Discrimination-aware Channel Pruning for Deep Neural Networks
This work addresses the challenge of model compression for deep learning practitioners by improving pruning efficiency and accuracy, though it is incremental as it builds on existing pruning strategies.
The paper tackles the problem of channel pruning in deep neural networks by introducing a discrimination-aware method that selects channels based on discriminative power and reconstruction error, resulting in a pruned ResNet-50 with 30% channel reduction that outperforms the original model by 0.39% in top-1 accuracy on ILSVRC-12.
Channel pruning is one of the predominant approaches for deep model compression.
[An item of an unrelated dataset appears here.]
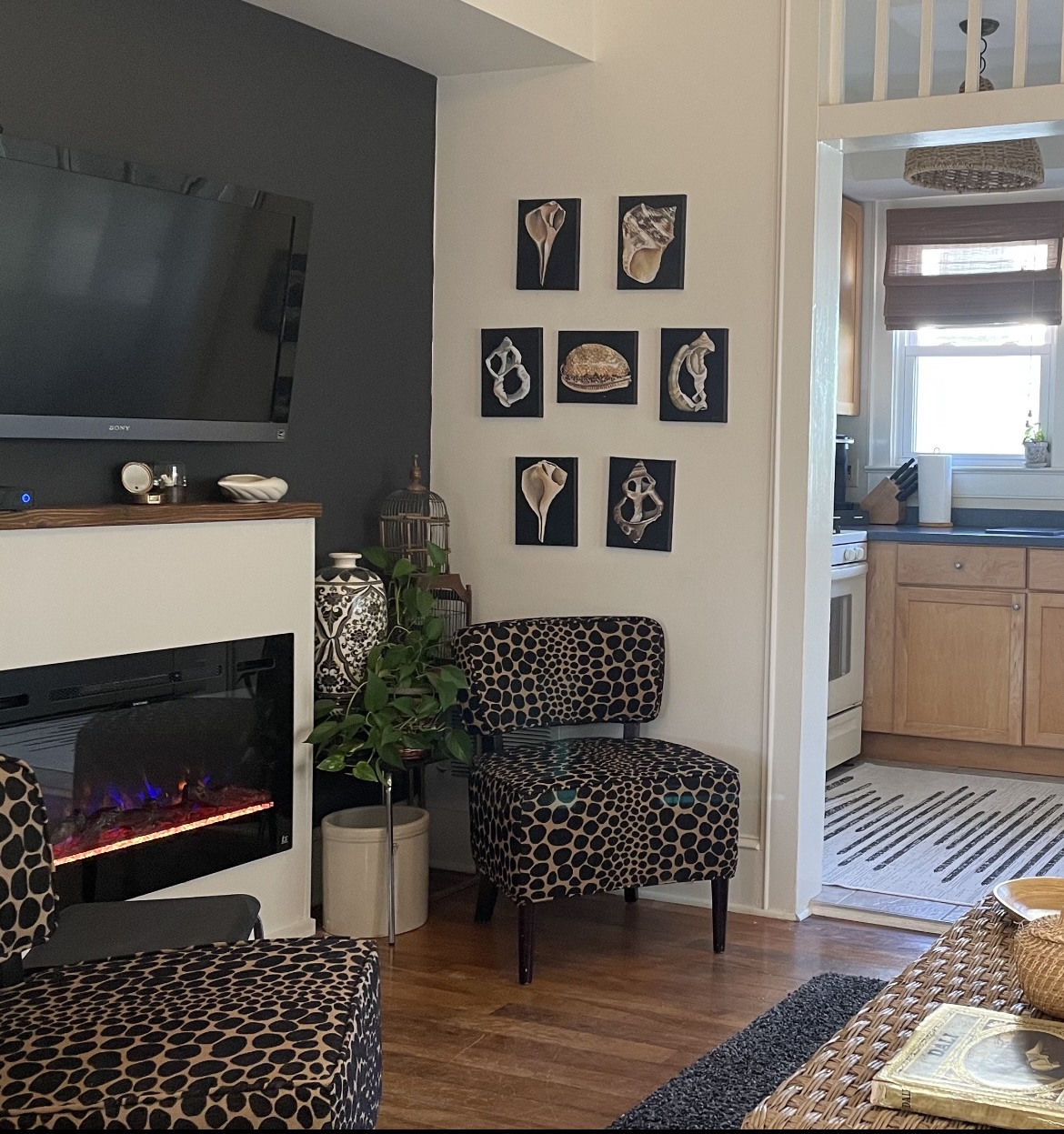 the fireplace adds warmth and or ambience at the touch of the remote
Existing pruning methods either train from scratch with sparsity constraints on channels, or minimize the reconstruction error between the pre-trained feature maps and the compressed ones. Both strategies suffer from some limitations: the former kind is computationally expensive and difficult to converge, whilst the latter kind optimizes the reconstruction error but ignores the discriminative power of channels. To overcome these drawbacks, we investigate a simple-yet-effective method, called discrimination-aware channel pruning, to choose those channels that really contribute to discriminative power. To this end, we introduce additional losses into the network to increase the discriminative power of intermediate layers and then select the most discriminative channels for each layer by considering the additional loss and the reconstruction error. Last, we propose a greedy algorithm to conduct channel selection and parameter optimization in an iterative way. Extensive experiments demonstrate the effectiveness of our method. For example, on ILSVRC-12, our pruned ResNet-50 with 30% reduction of channels even outperforms the original model by 0.39% in top-1 accuracy.